In a case of thyromegaly, ultrasonography and FNAC needs to be done as a part of preliminary evaluation. In the thyroid, LCH had been mistaken for poorly differentiated carcinoma on histology [4] or lymphocytic thyroiditis or papillary carcinoma on fine-needle aspiration as in our case [5]. They have been diagnosed as LCH retrospectively, following haemithyroidectomy or total thyroidectomy, either diagnostic or curative, for other suspected clinical entities like medullary carcinoma or adenoma [3,6]. In present case FNAC was inconclusive, so the core biopsy was obtained that surgery can be reserved after obtaining the definite pathological diagnosis, considering the age of the child.
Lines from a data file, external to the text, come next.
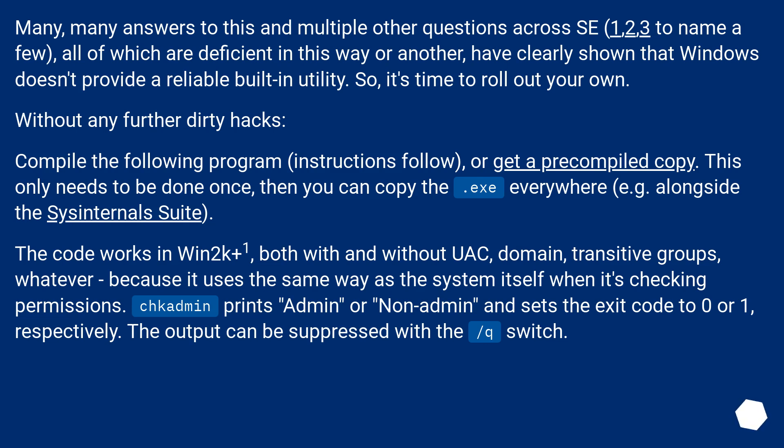The code works in Win2k+1, both with and without UAC, domain, transitive groups, whatever, because it uses the same way as the system itself when it's checking permissions. Shkadmin prints admin or non-admin and sets the exit code to 0 or 1, respectively. The output can be suppressed with the /q switch.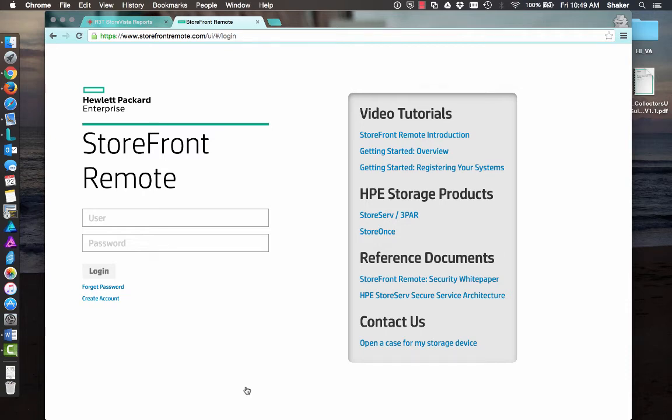I wanted to spend a couple of minutes and talk about some reporting tools that are available to you that you might not know about. The first one here is called Storefront Remote, and this works on 3PAR and the StoreOnce devices.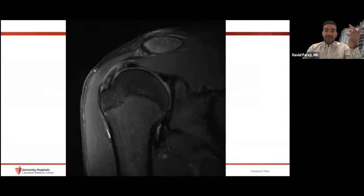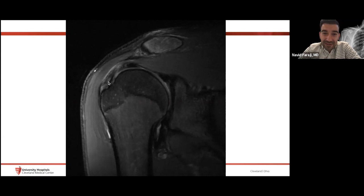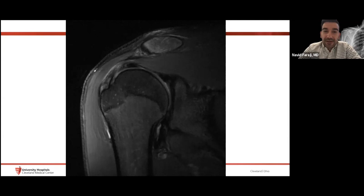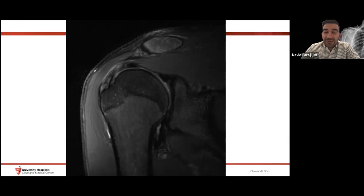Here's a bread-and-butter case. We see a fluid-sensitive fat-saturated sequence with an ugly-looking cuff tendon — this is the supraspinatus. It's thick with increased signal intensity compared to the homogeneously low signal normal tendon we saw previously. This is tendinosis. We can rate it mild, moderate, or severe based on thickness and signal. The key is there is no fluid signal intensity within this tendon to suggest a tear.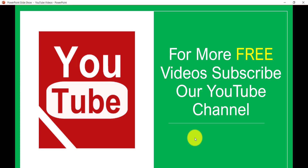If you want similar videos, subscribe to our YouTube channel — you'll get lots of free videos on SharePoint, Office 365, SPFX, and Power Platform. Thank you and have a nice day.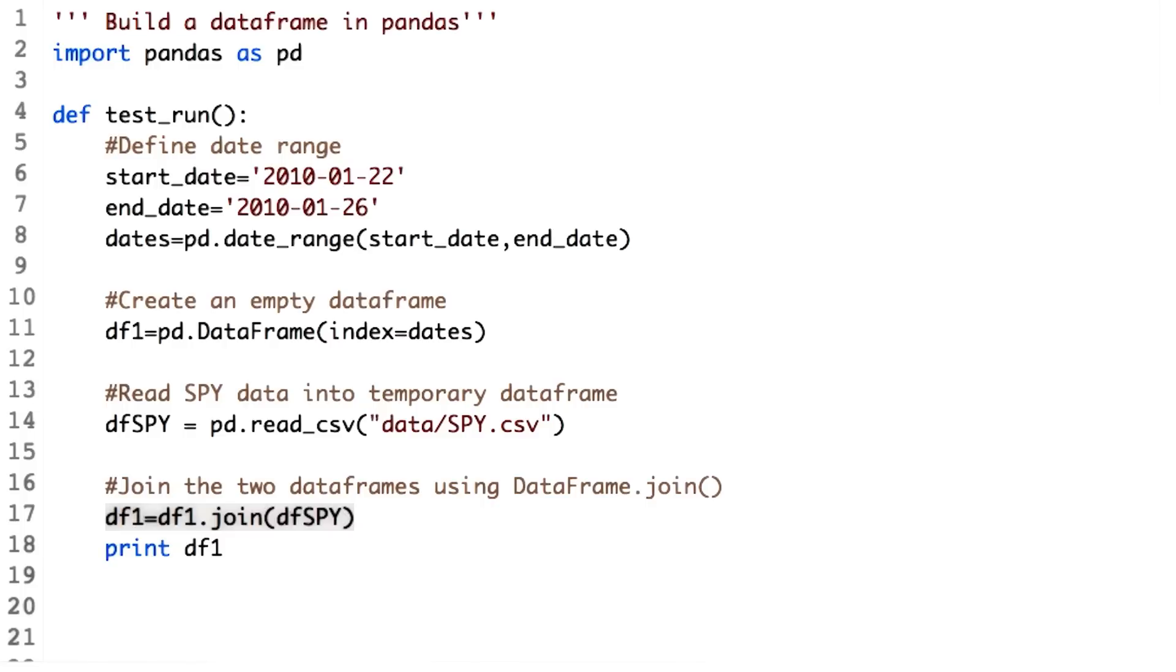For the remaining rows, that is the index values not present in b, pandas introduces NaNs. So in this case, all the rows from DF1 will be retained, and we will get all the values for the prices from DFSPY for the given range we defined above.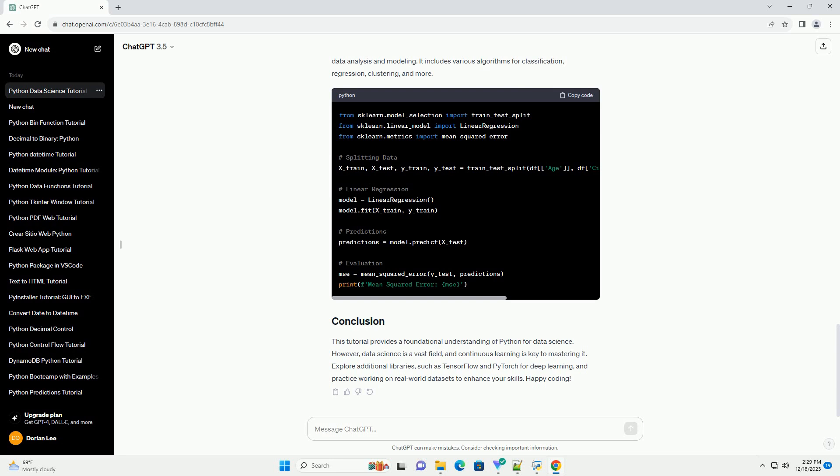NumPy is a powerful library for numerical operations in Python. It provides support for large, multidimensional arrays and matrices, along with mathematical functions to operate on these arrays. NumPy is a fundamental library for data manipulation and is often used in conjunction with other libraries like Pandas.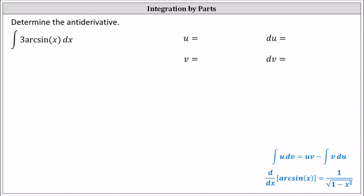Determine the antiderivative of 3 arcsine x with respect to x. There is no integration formula for arcsine x, so we'll have to use integration by parts to determine the antiderivative.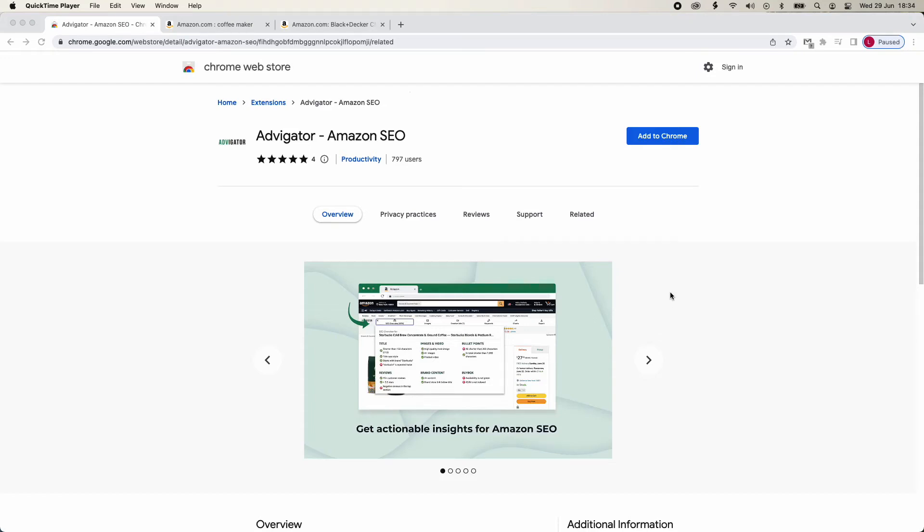In this video, we see how to use the Chrome extension. To install it, go to the Google Chrome Web Store and click Add to Chrome.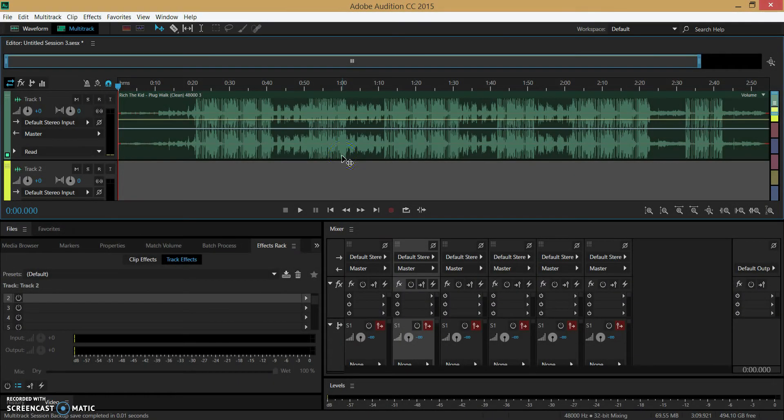Hey guys, what is up, it is IssueFish here and today I'm going to be showing you how to bass boost songs in Adobe Audition CC.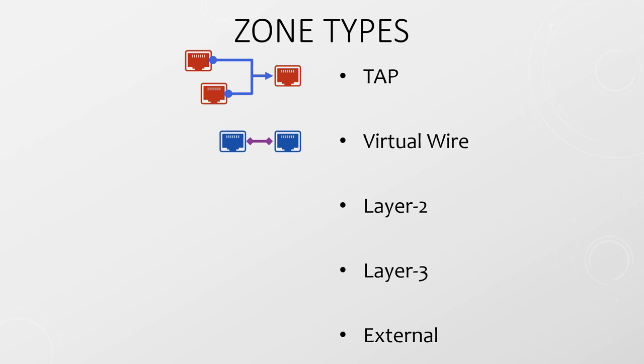This is where we pair two interfaces together and pass traffic across them. It's like joining two cables together with a transparent firewall in between. This is sometimes called a bump in the wire. In a layer two zone, the firewall acts like a switch but still applies security policies to traffic passing through it.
The diagnosis of LCH is confirmed on the detection of Langerhans cell whose nuclei are folded or grooved resembling a coffee bean or lobulated and indented akin to those described in our patient. There may be eosinophils, lymphocytes, neutrophils and plasma cells around these cells some times in large number. The definitive diagnosis requires positive staining of the lesional cells with CD1a and S-100 protein on immunohistochemistry [7].

Systemic involvement is evaluated based on blood counts, total protein, Albumin, Bilirubin, ALT, AST, Alkaline phosphatase, BUN-blood urea nitrogen, Creatinine, electrolytes, ESR, abdominal ultrasound, coagulation studies, bone marrow biopsy, chest radiograph and skeletal radiograph survey. In our case, LCH was limited to thyroid gland only which was confirmed by PET scan. Phillips et al., proposed that if a patient has only a single site of disease by plain films and no suspicion of a vertebral lesion PET scans are an excellent screening modality which provide improved sensitivity for locating active or reparative LCH lesions [8]. In the present case, after six cycles of chemotherapy PET scan was done that showed significant decrease in size and metabolic activity of the multiple coalesced hypodense nodules in both lobes of thyroid and draining nodes. The decrease of FDG uptake when treatment is effective, makes 18FDG PET CT scan the imaging of choice to assess the treatment when compared to other radiographic modalities, especially in soft tissue involvement [8].

Should it be thyroidectomy or chemotherapy? The review of literature may suggest resection of LCH by subtotal, near total, or total thyroidectomy is the treatment of choice for localized LCH to the thyroid [6]. 42.4% of the reported cases received surgery for thyroid involvement, 30.3% received surgery and adjuvant chemo-radiotherapy, and 18% received chemo-radiotherapy only [3]. Moreover, it is evident that in most of the cases where surgery was suggested, surgery had been done prior to diagnosis and those patients were followed up.

Definitive management in a case where a diagnosis was attained preserving the thyroid gland is still a controversy owing to the lack of prospective randomised studies [9]. One case report proposed thyroidectomy as the treatment but did not rationalise the role of chemotherapy [10]. In the present case expert opinion from the Histiocyte Society was sought for and was advised to proceed with chemotherapy with vinblastine and prednisolone. Thyroid swelling started reducing during the treatment and PET scan done after the complete course showed nil significant active disease within the gland and absence of any new lesions. Only direct RT to the neck would permanently damage the thyroid function. It is possible that the LCH infiltration might nevertheless damage the thyroid gland, but if the thyroid function is normal before the treatment, there is still a chance to preserve the gland function. He remained euthyroid during and after the course of chemotherapy with no adverse effects. Owing to the rarity and lack of prospective randomised studies, there are limitations in the available clinical data in providing a definitive management protocol.

Conclusion

LCH with solitary involvement of thyroid gland is one of the rarest presentations. The present report signifies the role of chemotherapy and organ preservation in a case of primary LCH thyroid when compared to thyroidectomy. Only a prospective randomized trial can fill the void in the available clinical data that will answer this question and establish the treatment protocols in LCH limited to thyroid.